More than 300 former students of Pennsylvania’s Glen Mills Schools are taking legal action alleging a wide variety of physical, mental, and sexual abuses at the hands of staff members and administrators. And while the Delaware County schools for court-ordered boys is no longer in operation thanks to a 2019 investigation published by The Philadelphia Inquirer, the wounds for the survivors of the abuse are still as fresh as the day they were inflicted.
According to The Inquirer’s most recent reporting, the acts inflicted on the boys by those charged with their rehabilitation and care are as reprehensible as they are unthinkable. The abuse, which took place between 1976 and 2018, includes rape and other forms of sexual assault, physical assault, ongoing mental abuse, and a concerted effort to cover the whole thing up and keep the students quiet.
Attempts to bring attention to the violence happening behind Glen Mills Schools’ walls were met with vengeance. One student who tried to report the goings on and get some help was beaten and had his very life threatened. This student’s abuser would call him a racial epithet after sexually abusing him. Counselors would repeatedly rape their students, in some cases while another staff member watched the door. A practice known as an “All Call” resulted in counselors spitting the face of a student, using racial epithets to insult him, and – as if he hadn’t been dehumanized and abused enough – would end by taking turns beating him.

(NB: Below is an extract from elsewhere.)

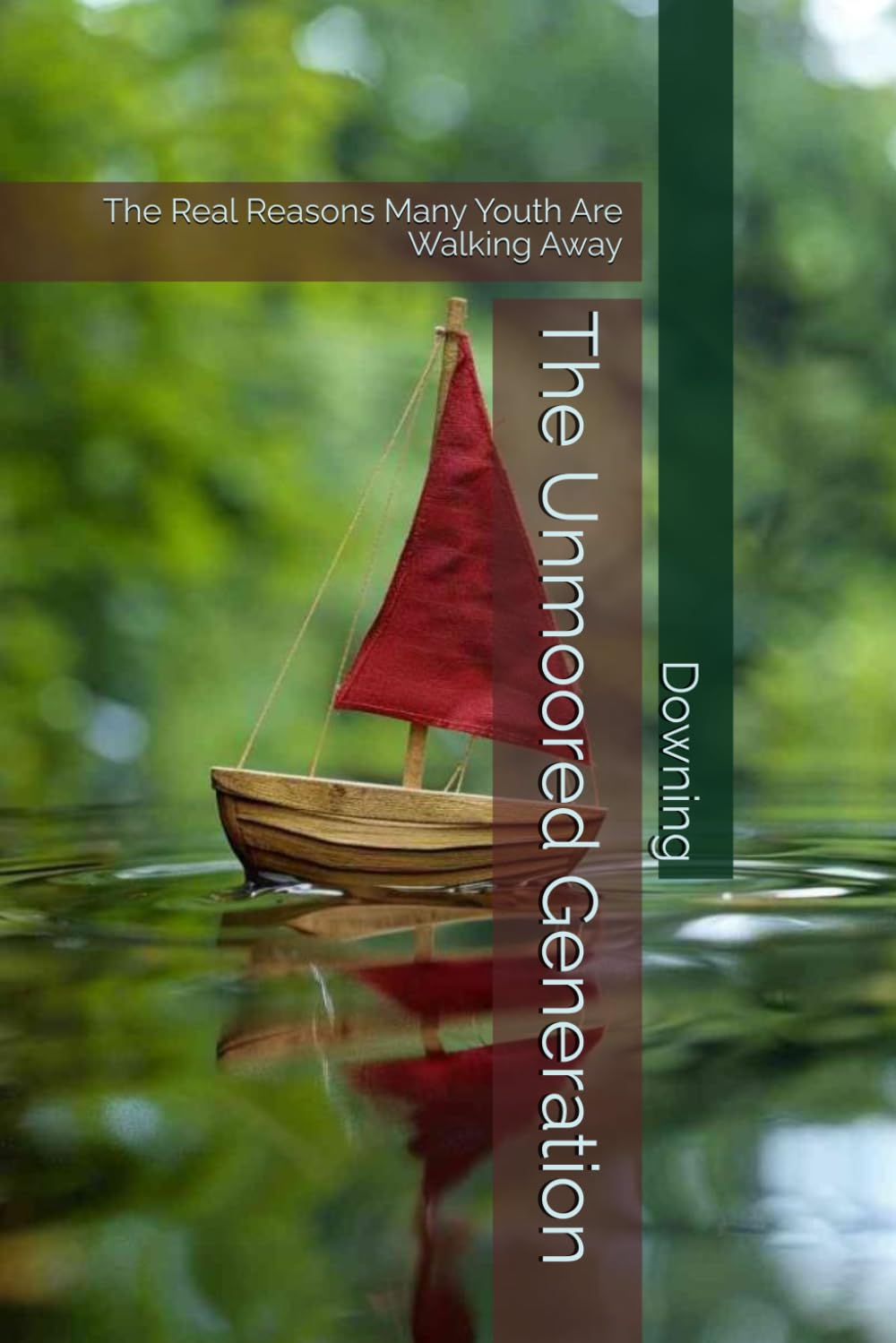 The Unmoored Generation: The Real Reasons Many Youth Are Walking Away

The abuses by the staff members, in some cases taking place more than 30 years ago, inflicted permanent and lasting damage on the lives they destroyed. “In my head, I’m living a nightmare,” says one of the plaintiffs. “It’s hard for me to trust, to be around people, to socialize. Even though when this happened I was in my teens and now I’m in my late 40s, it’s like I lived it yesterday. It hurts like it just happened.”